[Opening Data block section]
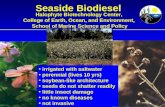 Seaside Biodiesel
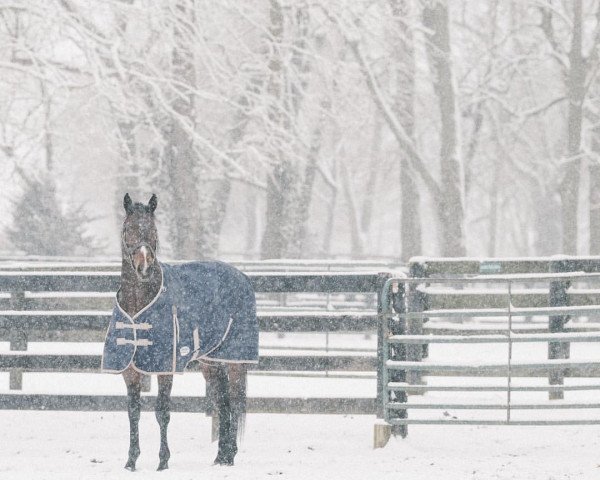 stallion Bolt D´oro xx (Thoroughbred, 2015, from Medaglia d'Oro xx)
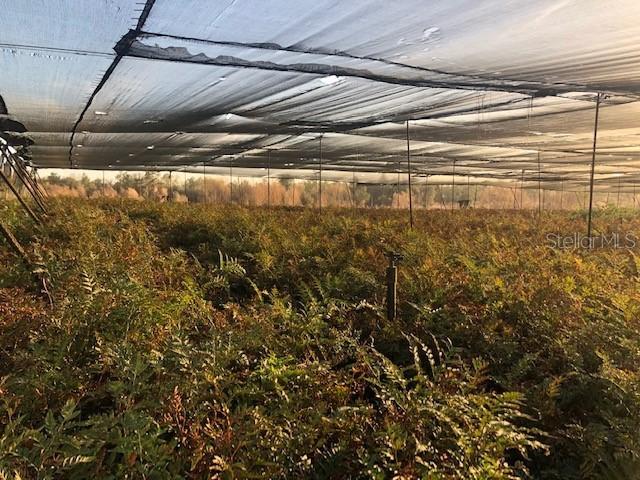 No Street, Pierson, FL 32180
[Closing Data block section]
Reprint the listing above exactly, without images.

Expected answer >>
 Seaside Biodiesel
 stallion Bolt D´oro xx (Thoroughbred, 2015, from Medaglia d'Oro xx)
 No Street, Pierson, FL 32180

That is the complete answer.